This series of paintings were created over the course of several months. Using a variety of materials, including fluid acrylics and finish, applied using brush, airbrush, sandpaper and masking tape, and also incorporating embedded materials such as synthetic hair and thread, all on a plywood ground. I slowly build layer over layer, seamlessly integrating these visual elements into a unified composition with a high degree of depth and transparency. Organic shapes, line work, illusionistic space, and hard edges all interact in complex, fluid and colorful arrangements.
Working with fluid materials, I’m able to remove any evidence of my mark-making in the work – there are no brushstrokes or evidence of three-dimensionality in the embedded materials. Using acrylic finish to seal in layers, I can build a deep composition that marks space as well as time.
Coming into painting from a background in photography and in digital design, I think in terms of layers and distance. Like constructing a piece of artwork using digital imaging software, working in discrete, indelible layers allows me to operate in a “revert to save” sort of mindset. It allows me to create layers that, once in place, can be built on, and either sealed or discarded. I don’t make a plan when beginning the work. Instead, my process is to build these layers and compositions sometimes very quickly, and sometimes over the course of months.

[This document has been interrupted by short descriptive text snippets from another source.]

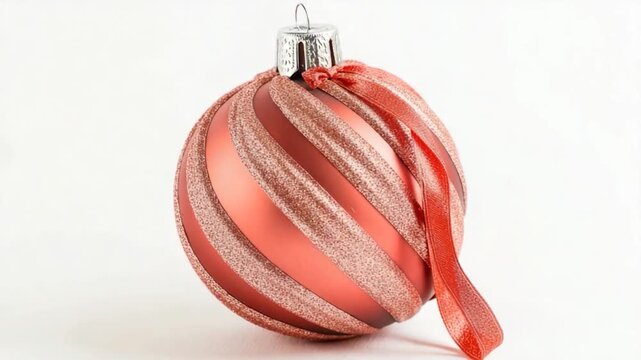 A pink Christmas ornament with a ribbon wrapped around it, ready for decorating the tree
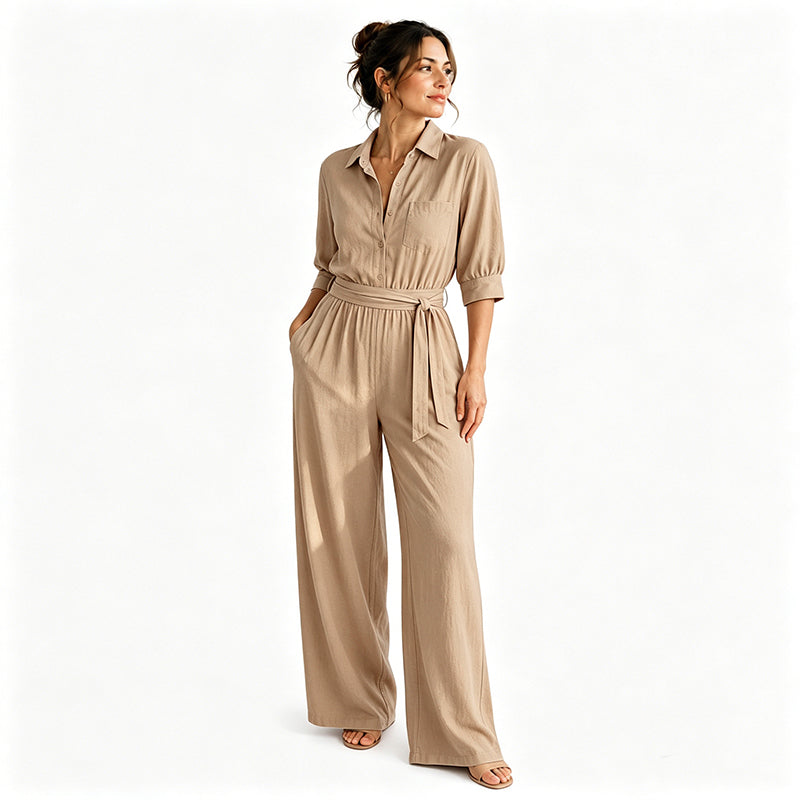 Jumpsuit för damer med halvlånga ärmar och vida ben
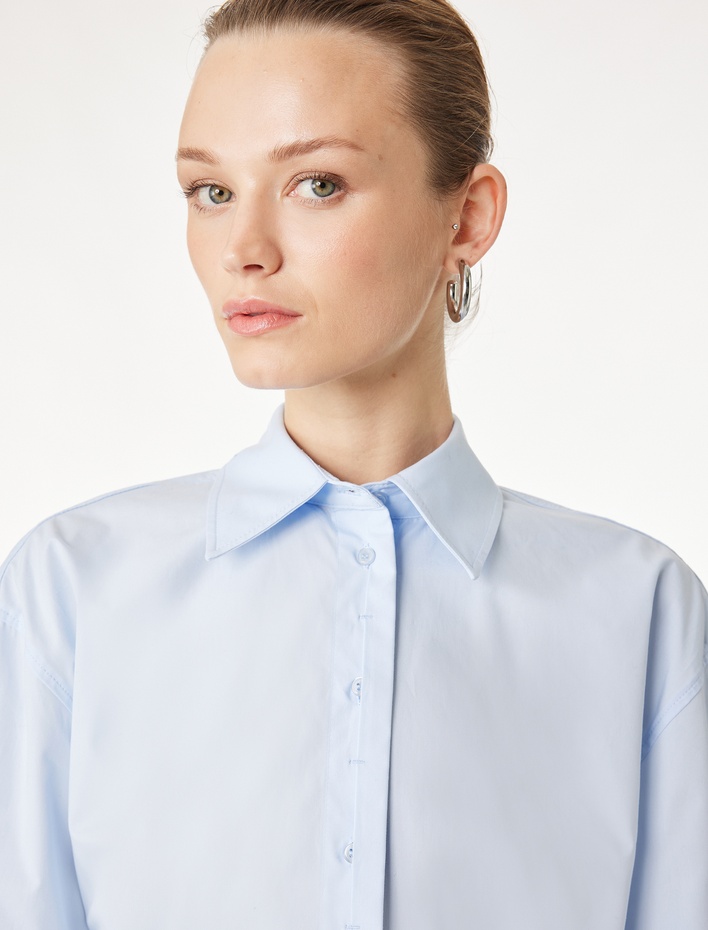  Regular Fit Pamuklu Uzun Kollu Poplin Gömlek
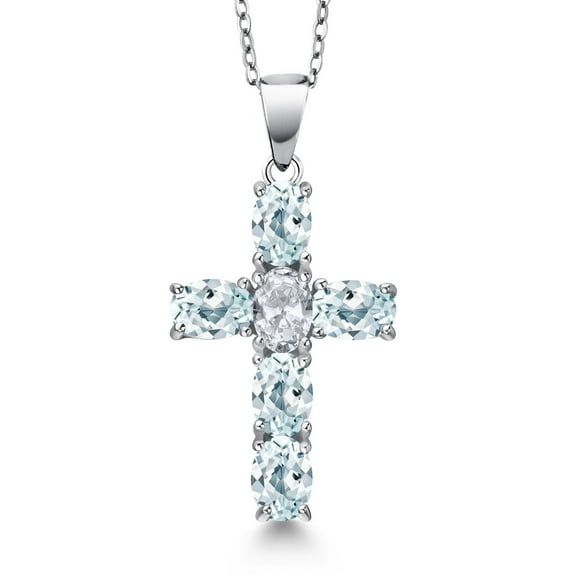 Gem Stone King 925 Sterling Silver Sky Blue Aquamarine and White Topaz Cross Pendant Necklace for Women | 3.10 Cttw | Gemstone March Birthstone | Oval 6X4MM | With 18 inch Chain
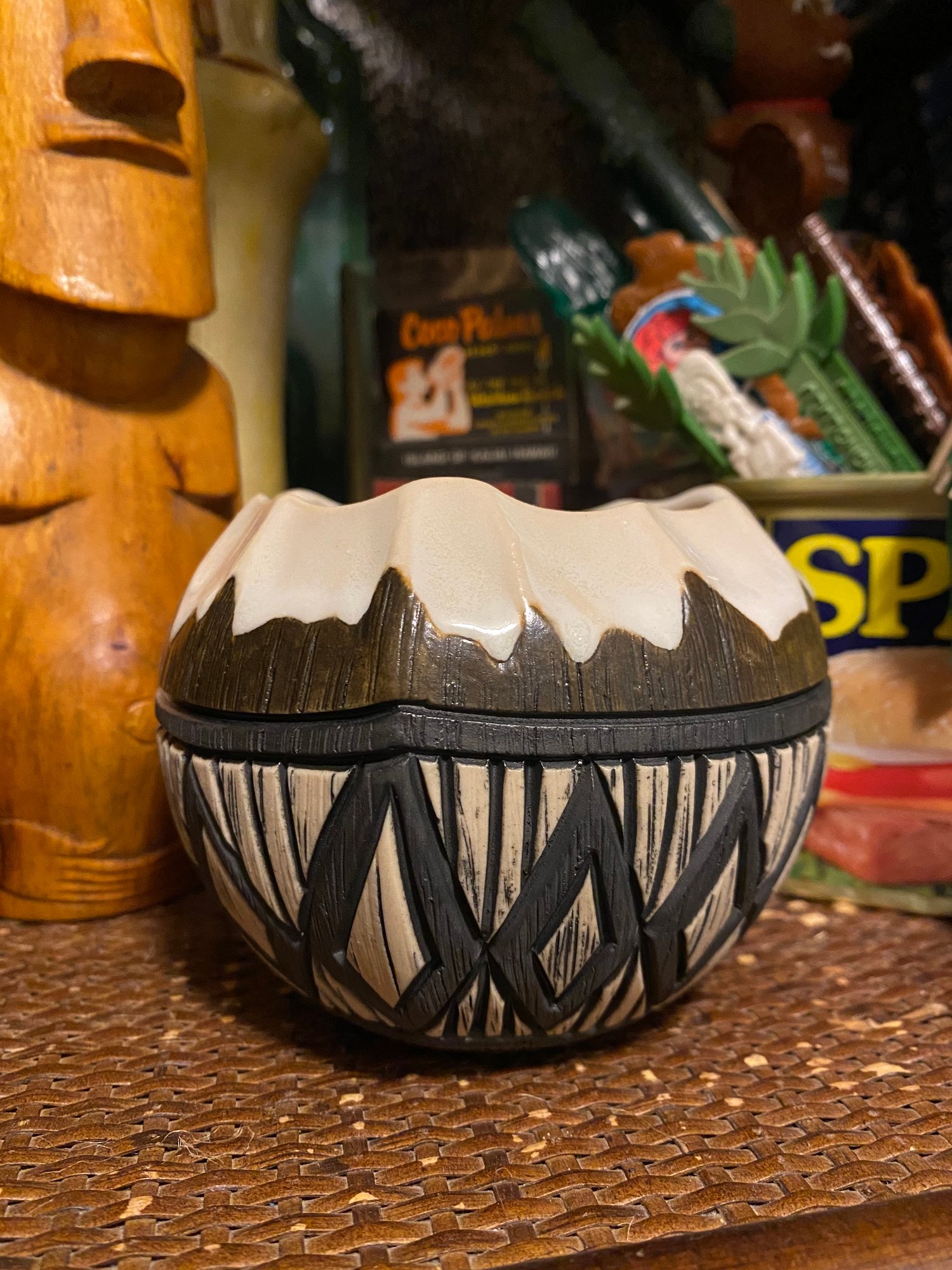 Image of 12oz Fijian Tapa Inspired Coconut Mug (c) - US Shipping Included 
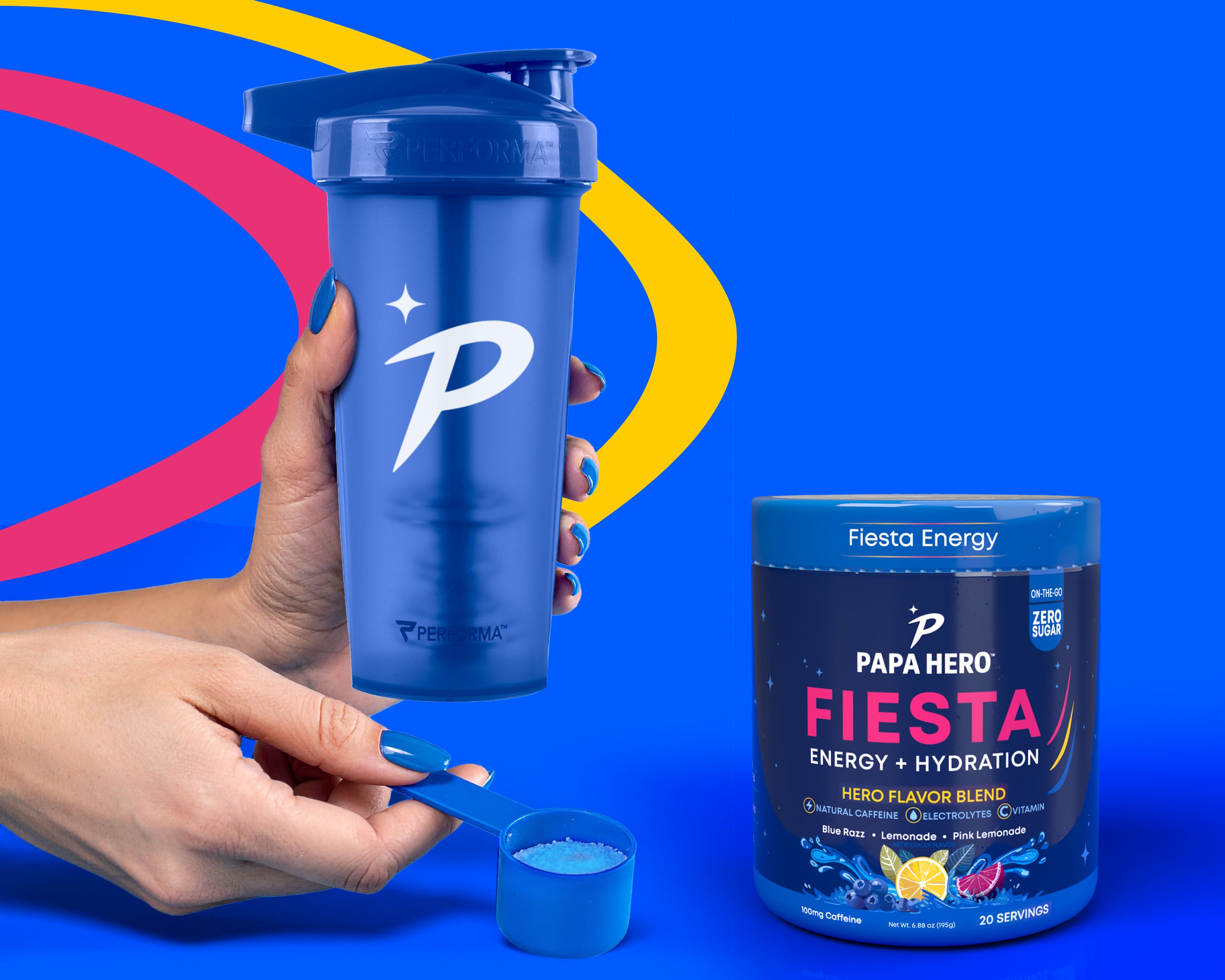 32oz PAPA HERO juice with glowing insignia cup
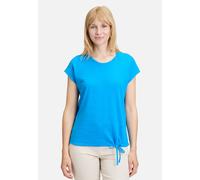 Kurzarmshirt BETTY BARCLAY "Betty Barclay Strukturshirt mit Tunnelzug", Damen, Gr. 46, blau (blau aster), Obermaterial: 100% Baumwolle., casual, figurumspielend normal, Rundhals, Kurzarm, Shirts, Mate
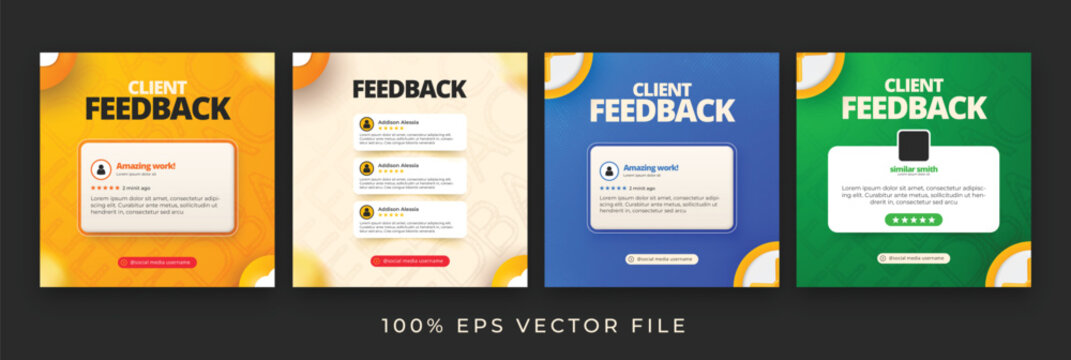 Set of Clients feedback or testimonial social media. square testimonial post template. - Powered by Adobe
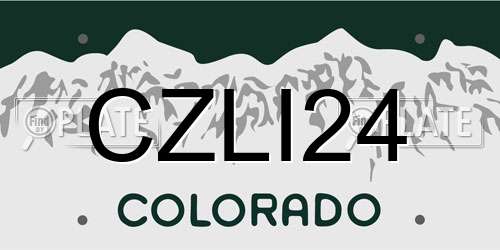 CZLI24 Colorado License Plate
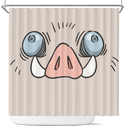 Inosuke Hashibira Face Demon Slayer Shower Curtain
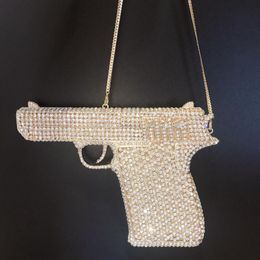 Amazing Cool Handgun Pistol Shaped Bling Daimonds Handmade Beading Evening Party Bags Mini Audiere Women Shoulder Handbags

Once the painting is complete, the viewer can see these layers in relation to one another, as if looking into a deep field. With the evidence of labor and mark-making absent, there is a sense of that timeline being skewered, as if it’s unclear whether the piece was constructed in rapid succession or over long periods of time. Between this unclear timeline and this depth of field, the viewer is left to consider how the formal elements in the painting relate to one another. Partially this is curiosity about the process, and partially this is consideration of how “layers” – that most ubiquitous of digital manipulation techniques – inform how we view the material world.